Air source heat pumps can be a good way to heat your home or property and your water. They absorb heat from the outside air and transfer into your home. Air source heat pumps are able to extract heat from air temperatures as low as minus 50 degrees Celsius.
Air source heat pumps can be very cost-effective and are an eco-friendly heating solution, which it is thought and proposed by the UK government could make a big change to your home. Bear in mind that you will need to attend to things like property insulation and the overall energy efficiency of your property when looking to install a heat pump, as this will help maximise their effects and benefits. Furthermore, air tightness testing for your property can help identify some of the most vulnerable and most leaky parts of the building in question, helping you understand what and where to remedy.

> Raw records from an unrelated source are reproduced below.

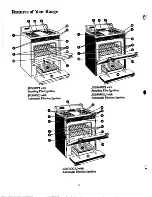 Предварительный просмотр 6 страницы GE JGSS03PJ Use And Care Manual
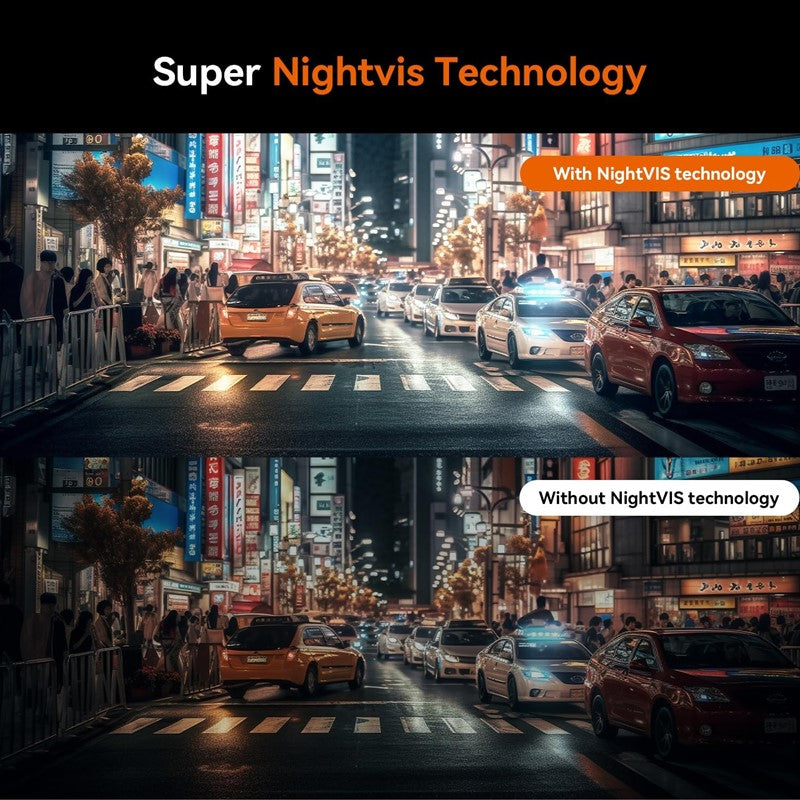 DDPAI N1 Dual Channel Car Dash Camera, 1296p+1080p, F1.8 with NightVIS 5G Lens, 260° Coverage, G-Sensor, Wi-Fi, Super-Capacitor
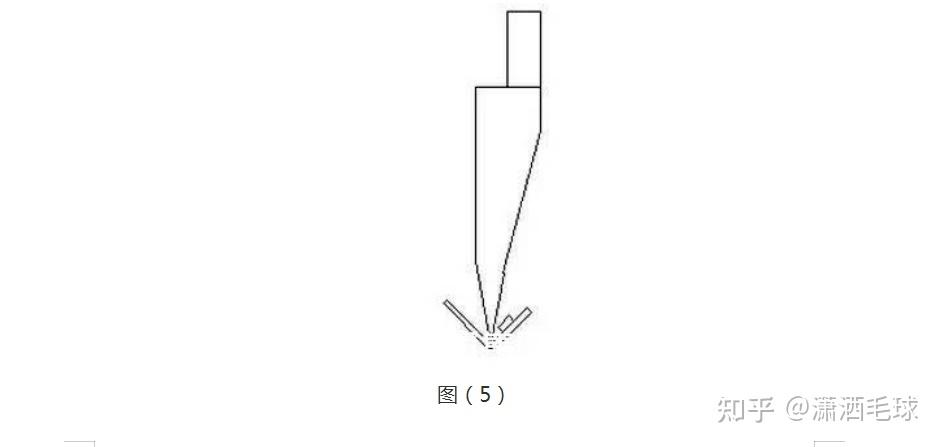 设计钣金件，首先搞清楚各折弯刀的用途 - 知乎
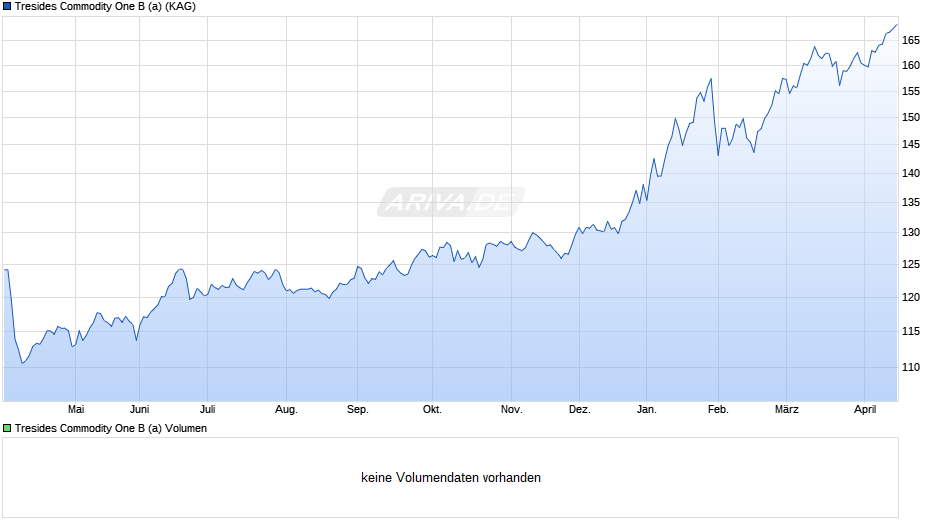 Tresides Commodity One B (a) Chart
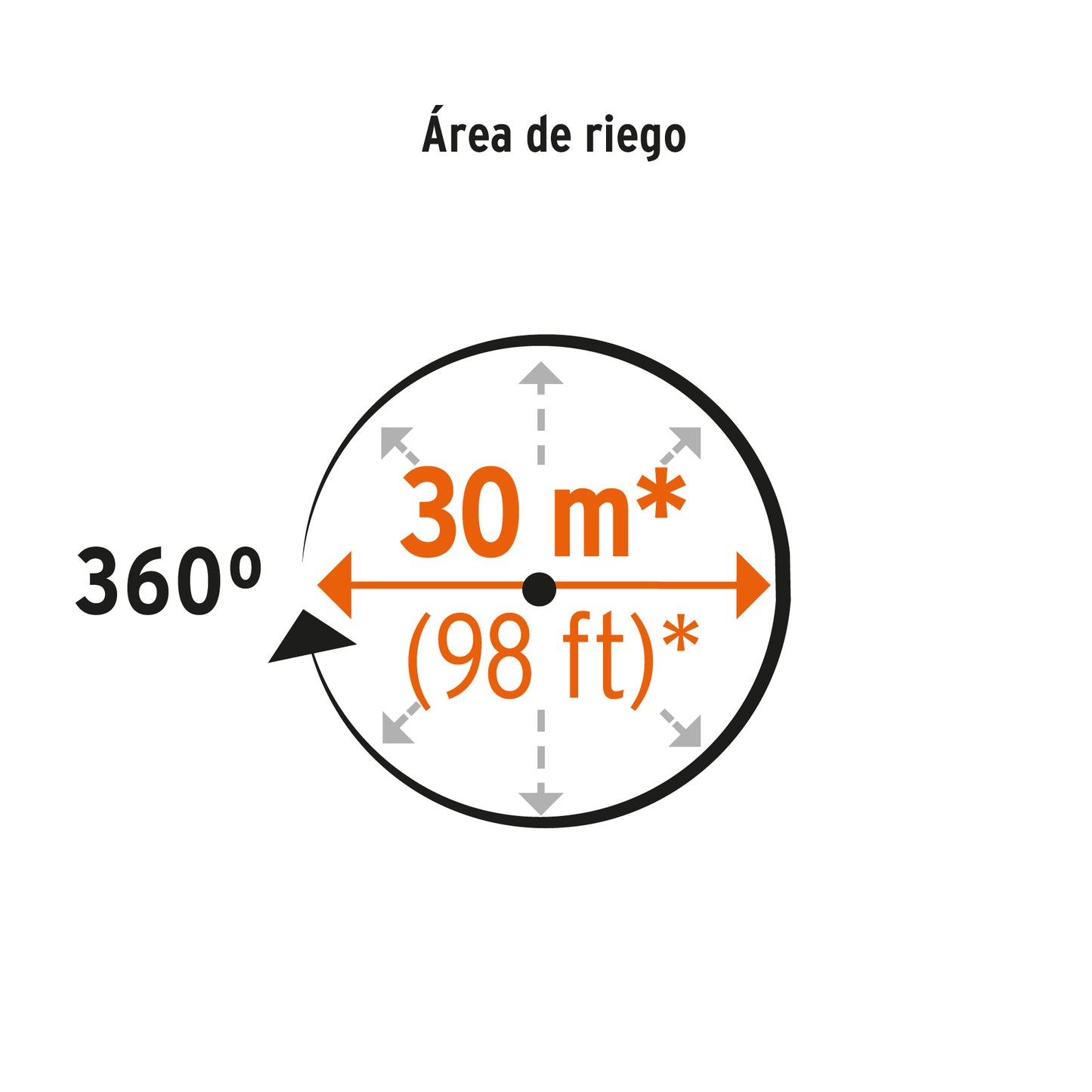 Aspersor agrícola de 1' fundido en latón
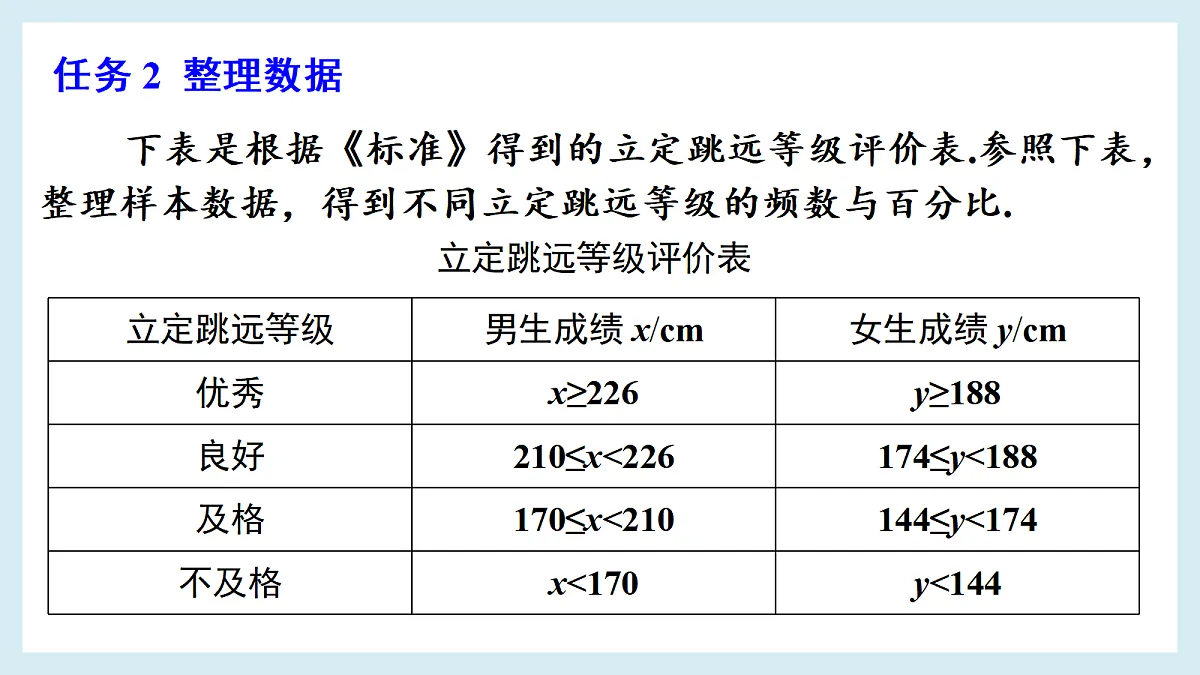 综合与实践 学生体质健康调查与分析第8页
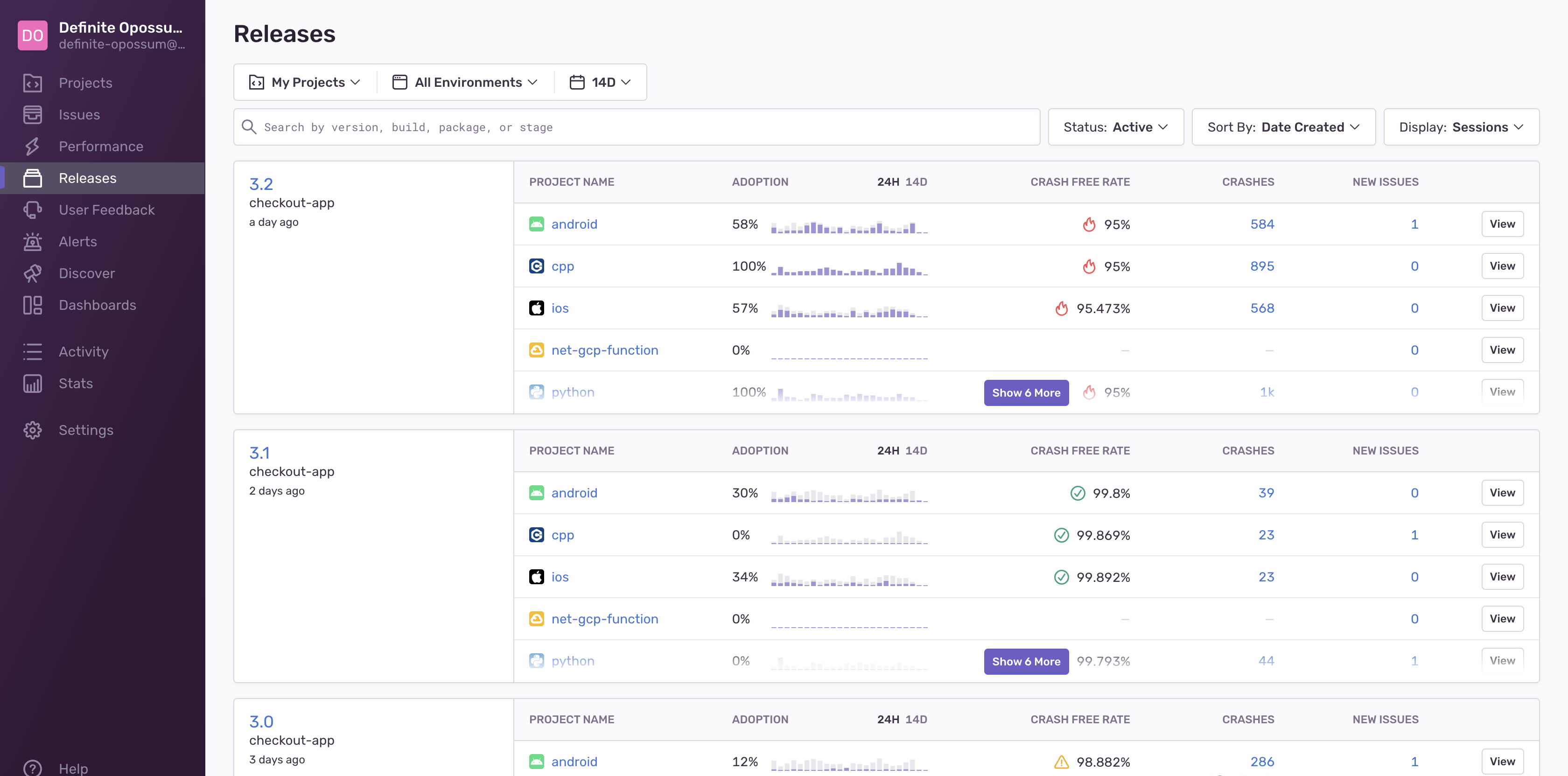 Sentry is an error tracking and performance monitoring platform插图3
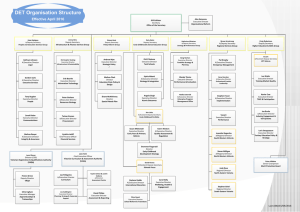 DET Organisation Structure - Department of Education and Training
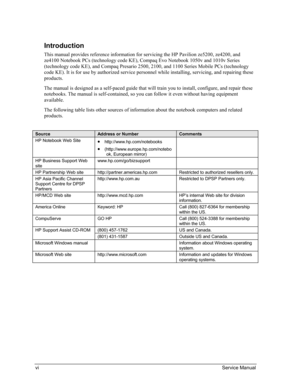 Page 6 
 
Introduction 
This manual provides reference information for servicing the HP Pavilion ze5200, ze4200, and 
ze4100 Notebook PCs (technology code KE), Compaq Evo Notebook 1050v and 1010v Series 
(technology code KE), and Compaq Presario 2500, 2100, and 1100 Series Mobile PCs (technology 
code KE). It is for use by authorized service personnel while installing, servicing, and repairing\
 these 
products. 
The manual is designed as a self-paced guide that will train you to install, configure, and repair...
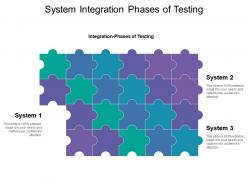 System integration phases of testing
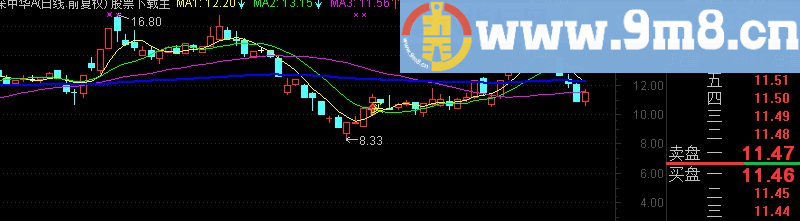 通达信江恩买卖副图指标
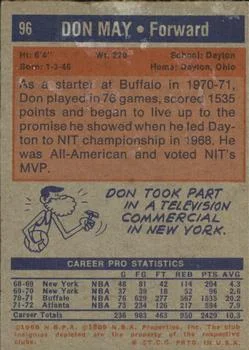 1972-73 Topps Don May #96 card back image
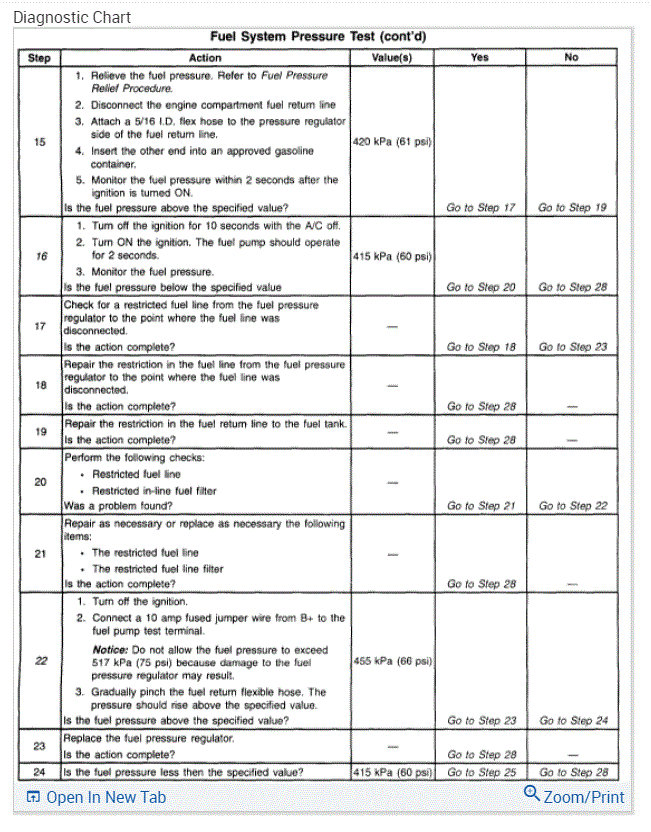 Fuel Injector Issue What Would Cause the Fuel to Fill Up the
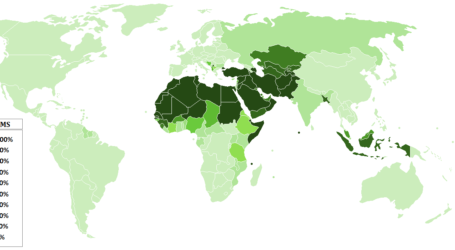 القابلية للاستعمار في العالم الإسلامي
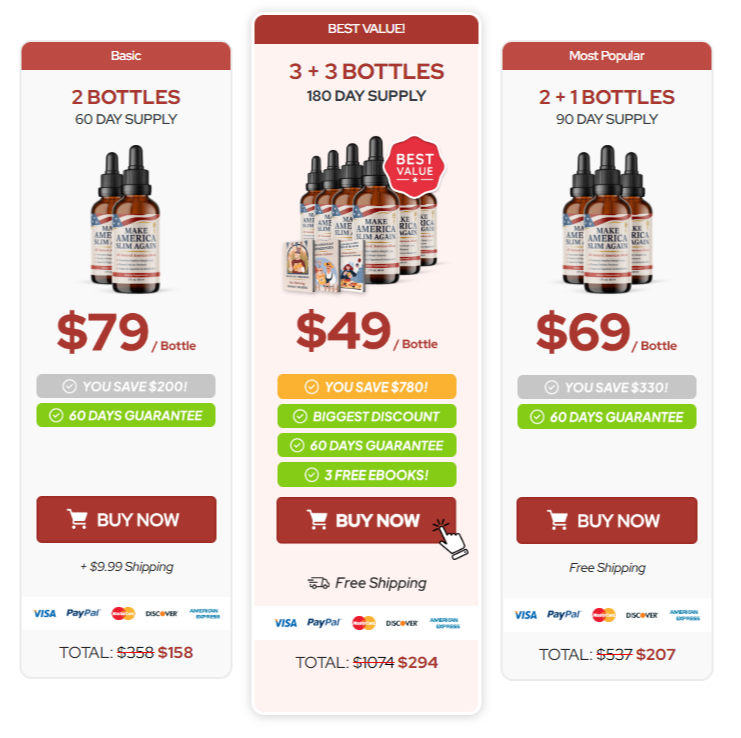 Make-America-Slim-Again pricing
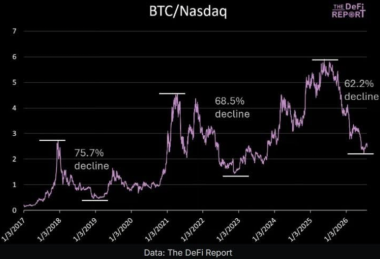 ‘Everyone’s scared’ despite Bitcoin climbing past the K level – Here’s why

We have everything you need to know about these heat pumps, how they work and what they could do for you and your property.
How Do Air Source Heat Pumps Work?
Heat from the outside air is absorbed into a fluid, which passes through a compressor increasing the temperature. The heat is then transferred from this liquid into the heating and hot water circuits of your household. An air source heating pump does not require any fuel to run, which means if you are looking to replace a traditional heating system, you will likely be cutting down on your property’s greenhouse gas emissions.
You won’t have to pay for gas to heat your home but you will still need to pay your electricity bill, because air source heat pumps run on electricity alone.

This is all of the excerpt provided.